Une semaine après une première libération de 99 personnes annoncée par les autorités à Noël, au moins 87 personnes emprisonnées après la présidentielle vénézuélienne de 2024 contestée par l’opposition ont été libérées pour le Nouvel An, ont annoncé mercredi deux ONG.
« Ce matin du 1er janvier, des mères et des proches ont signalé de nouvelles libérations de prisonniers politiques de la prison de Tocoron [100 kilomètres à l’ouest de Caracas] », a publié sur les réseaux sociaux le Comité des familles et des amis pour la liberté des prisonniers politiques (Clippve).

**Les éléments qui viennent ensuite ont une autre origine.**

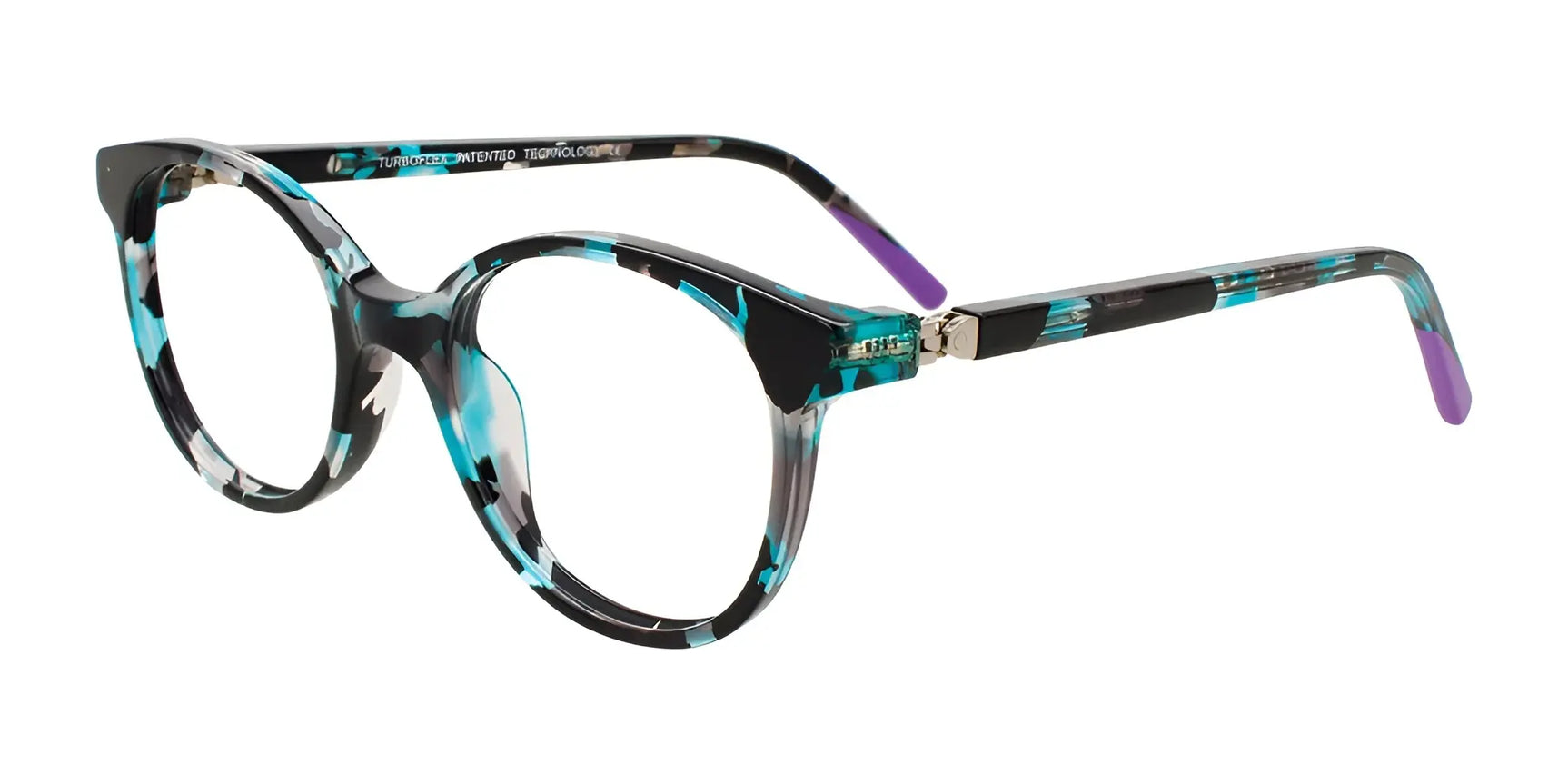 EasyClip EC693 Eyeglasses Teal Tortoise & Purple EasyClip EC693 Eyeglasses Teal Tortoise & Purple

Le Comité des mères pour la défense de la vérité a aussi publié un communiqué faisant état de 87 libérations.
La répression des troubles post-électoraux après la proclamation de la réélection du président Nicolas Maduro s’était soldée par 2 400 arrestations et 28 morts, selon les chiffres officiels. Les autorités avaient annoncé avoir libéré plus de 2 000 personnes dans les semaines qui ont suivi.
A Noël, les autorités avaient annoncé 99 libérations tandis que l’ONG Foro Penal avait recensé 61 libérations. L’ONG, qui assure la défense judiciaire de nombreux détenus, souligne que la mesure de mercredi inclut également deux « prisonniers politiques » de la prison Rodeo I, située dans l’État de Miranda (Caracas).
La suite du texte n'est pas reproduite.